Deukmejian, who has been engaged in a political fight with Honig and other members of the state’s powerful education lobby for the last seven months over financial aid to the schools, announced the latest round of commission appointments in his weekly radio address.
The governor’s tone was markedly restrained, free of the sharp bite that has accompanied some of his past pronouncements on public school issues.
The Republican governor stressed that he expects the commission to determine whether state education dollars are being efficiently spent, but he also said he wants the panel “to assist us in answering the question, ‘Where do we go from here?’ ”
Urges a Look Ahead
“It’s time to look ahead,” Deukmejian added. “We want to know what still needs to be done, what reforms have worked, how we can make better use of our funds and how do we facilitate effective teaching and learning.”
The newest members of the panel are:
- Frank J. (Jake) Abbott, 56, superintendent of the Mount Diablo Unified School District in Walnut Creek.
- Peter Dauterive, 68, a Los Angeles businessman.
- Cecila Jimenez, 46, a Sacramento elementary school teacher.
- Lucila Luevana, 33, also of Los Angeles, an elementary school teacher in the Pasadena School District.
- Bob Mange, 43, principal of Folsom Junior High School near Sacramento and California Teacher of the Year in 1986.
- George McKenna, 46, principal at Washington High School in Los Angeles.

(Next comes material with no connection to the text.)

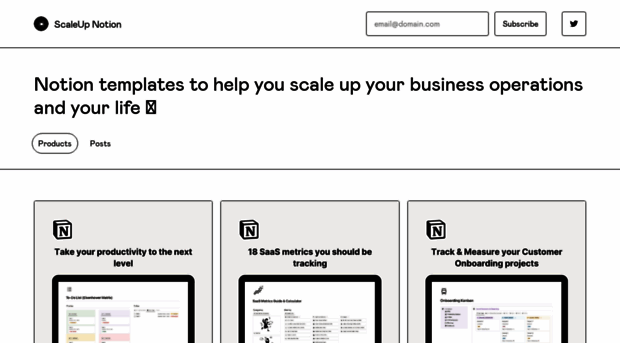 scaleupnotion.gumroad.com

- Rosa Maria Rossier, 45, of Montebello, an elementary bilingual teacher in the Alhambra School District.
Criticism From Brown
On another issue, Deukmejian’s proposal to borrow $2.3 billion to finance transportation programs was sharply criticized Saturday by Assembly Speaker Willie Brown (D-San Francisco).
Brown, in his own radio commentary, called Deukmejian’s plan to submit $2.3 billion in transportation bond proposals to voters next year “costly and foolhardy.”
The Speaker said he would rather use existing gas tax revenues and spend them in “a pay-as-you-go approach.”
Deukmejian’s program would be financed by general obligation bonds, with the principal and interest payments coming from general state tax receipts, thus putting highway construction projects in competition with education, health and other programs for tax dollars.
Traditionally, highway construction projects have been financed by a special tax on gasoline and other user taxes and fees.
Compromise Suggested
The Speaker said he hopes the governor will “sit down with the Legislature and with the private sector (to) forge a compromise over this issue.”
The governor’s program is contained in legislation carried by Sen. Wadie P. Deddeh (D-Chula Vista) that was approved by the Senate 23 to 7 last month. The bill now awaits action in the Assembly.
A spokesman for the governor, Press Secretary Kevin Brett, noted that Brown in the past has supported general obligation bond financing for a variety of construction projects.
“The Speaker has supported bond proposal after bond proposal. The only difference now is that this is the governor’s proposal,” Brett said.